Ingredients:

  • 1.5 lbs boneless skinless chicken breasts, sliced into 1-inch strips
  • 1 tbsp extra virgin olive oil
  • 1 tsp smoked paprika
  • 1 tsp garlic powder
  • 0.5 tsp sea salt
  • 0.25 tsp cracked black pepper
  • 2 large sweet potatoes (approx. 600g), cubed into 1/2 inch pieces
  • 1.5 tbsp avocado oil
  • 0.5 tsp cumin
  • 0.5 tsp chili powder
  • 2 cups cooked quinoa
  • 4 cups chopped kale or baby spinach
  • 1 large avocado, sliced
  • 3 tbsp tahini
  • Juice of 1 lemon
  • 1 tsp maple syrup
  • 2 tbsp warm water

Instructions:

  1. Preheat your oven to 400°F (200°C). Toss the cubed sweet potatoes with avocado oil, cumin, and chili powder in a large bowl.

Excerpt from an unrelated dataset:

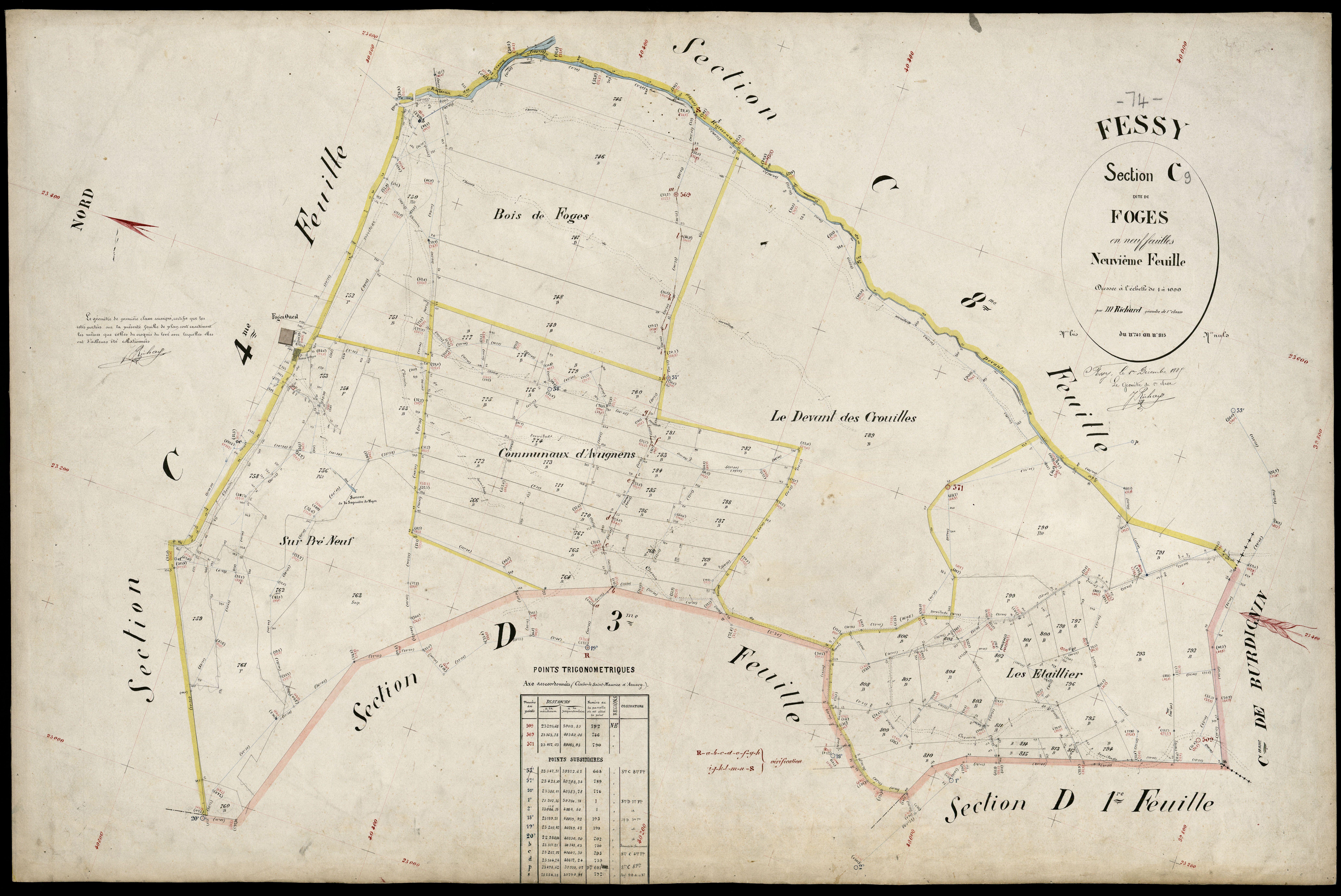 Section D : les Ruppes - 1885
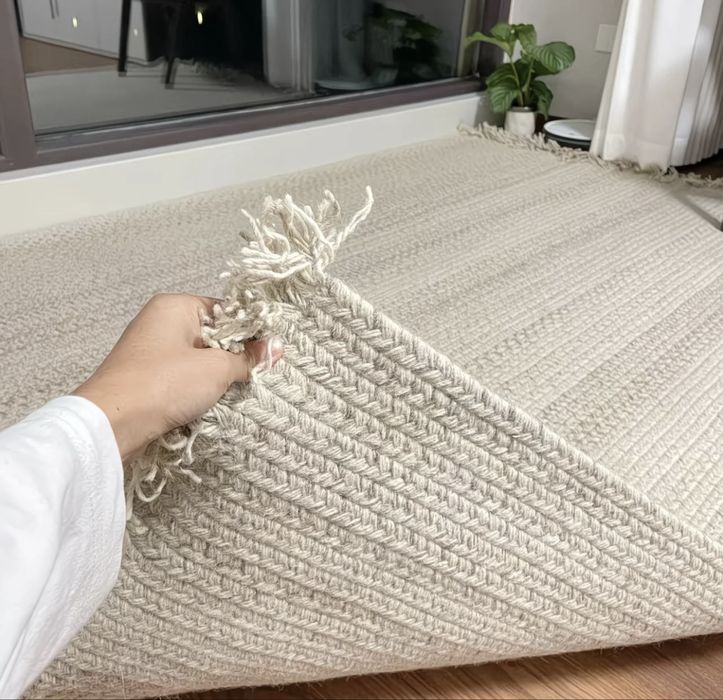 шерстяной ковер ручной работы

  2. Spread sweet potatoes in a single layer on a large rimmed baking sheet. Roast for 25 minutes, flipping halfway, until edges are dark amber and crisp.

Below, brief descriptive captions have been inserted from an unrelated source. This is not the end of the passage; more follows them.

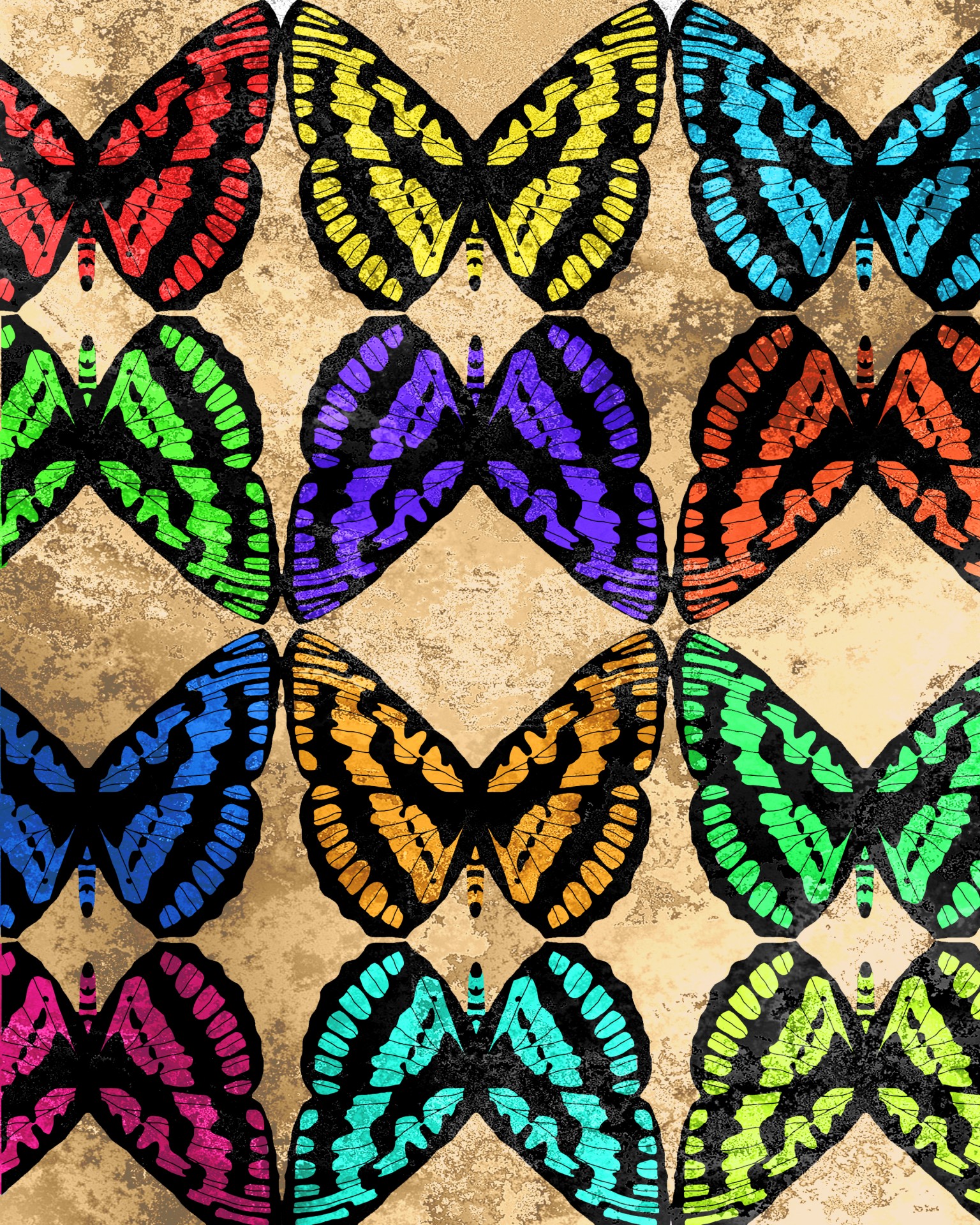 butterfly outline illustration free photo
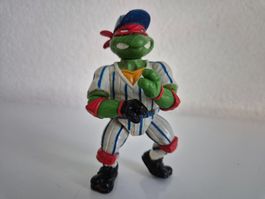 TMNT Ninja Turtles Action Figure Raphael Baseball 1991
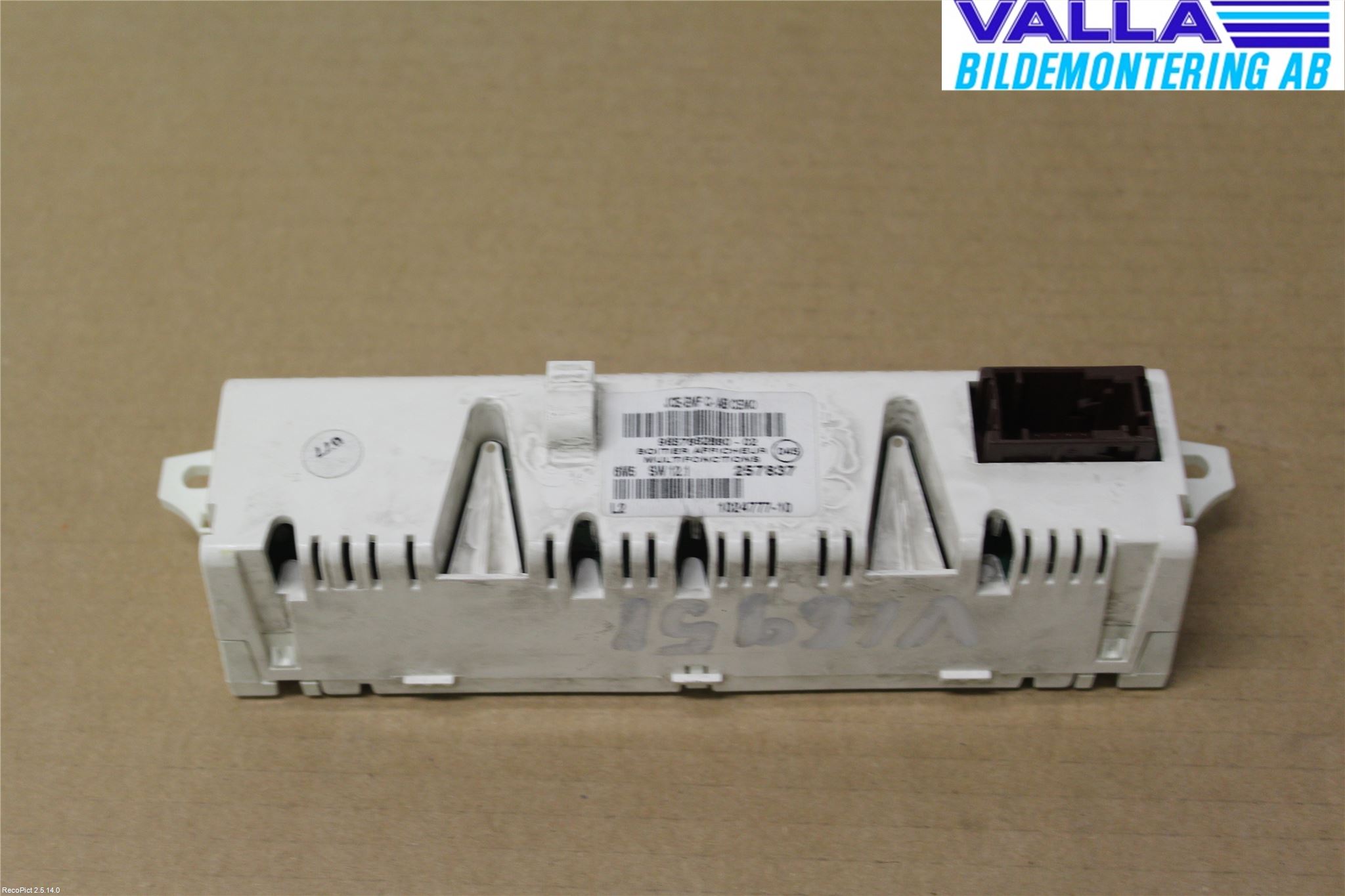 Citroen C4 I   05-10 Instr Varselys - Display
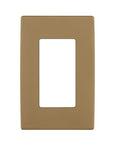 Leviton Renu One-Gang Screwless Snap-On Wallplate, REWP1-WC, Warm Caramel - color: Warm Caramel, size: 1 Gang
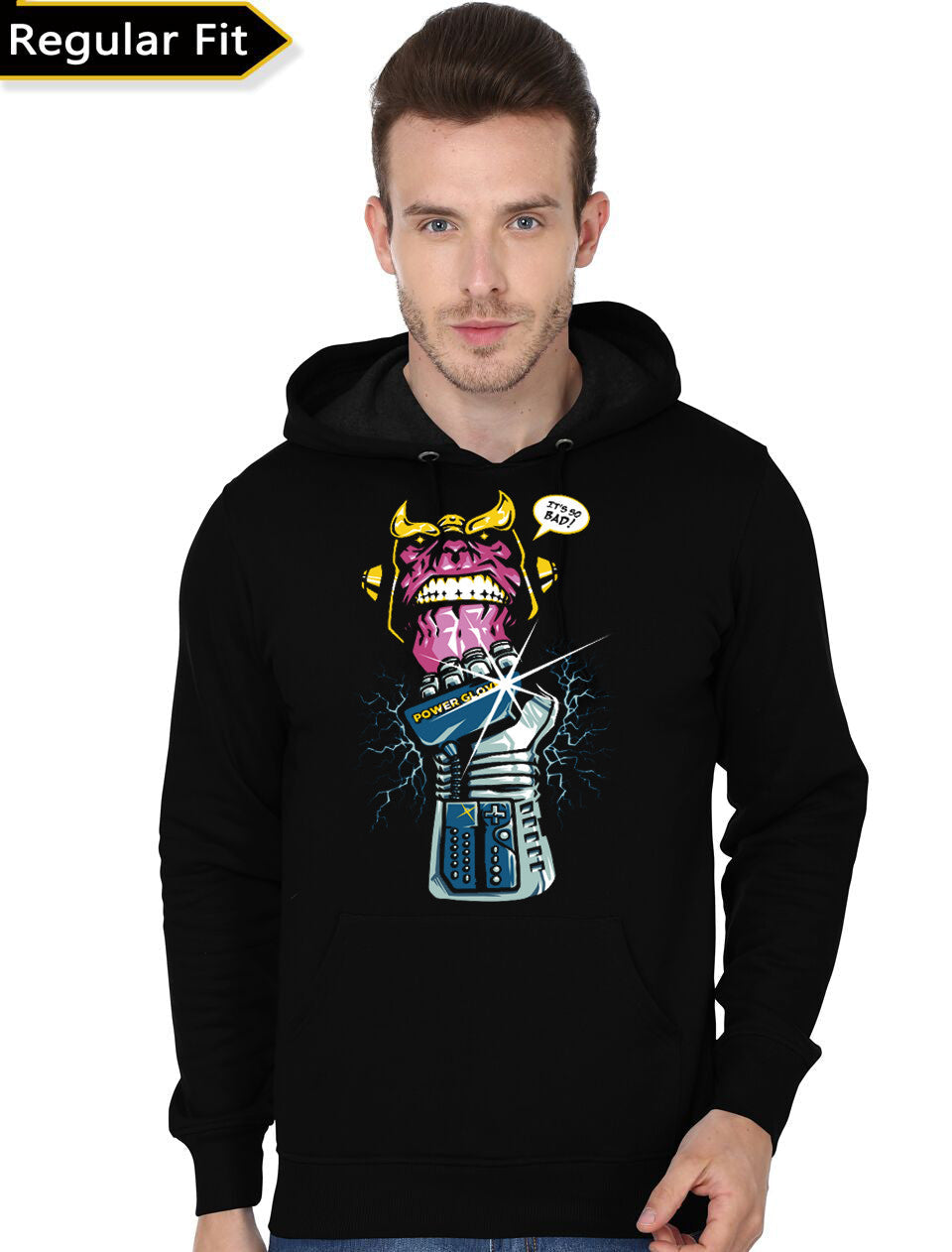 Infinity Gauntlet Power Glove Black Hoodie T-Shirts, Sweatshirt | CoreVibeTees.com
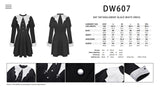 Bat entanglement black white dress DW607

  3. While potatoes roast, pat chicken breast strips dry with paper towels. Rub with olive oil, smoked paprika, garlic powder, salt, and pepper.
  4. Heat grill or cast-iron grill pan to medium-high. Sear chicken for 4-5 minutes per side until the internal temperature reaches 165°F (74°C). Let rest for 5 minutes before slicing.
  5. Whisk tahini, lemon juice, maple syrup, and warm water together in a small bowl until smooth.
  6. Assemble bowls by layering cooked quinoa, greens, roasted sweet potatoes, and grilled chicken. Top with avocado slices and a generous drizzle of lemon-tahini dressing.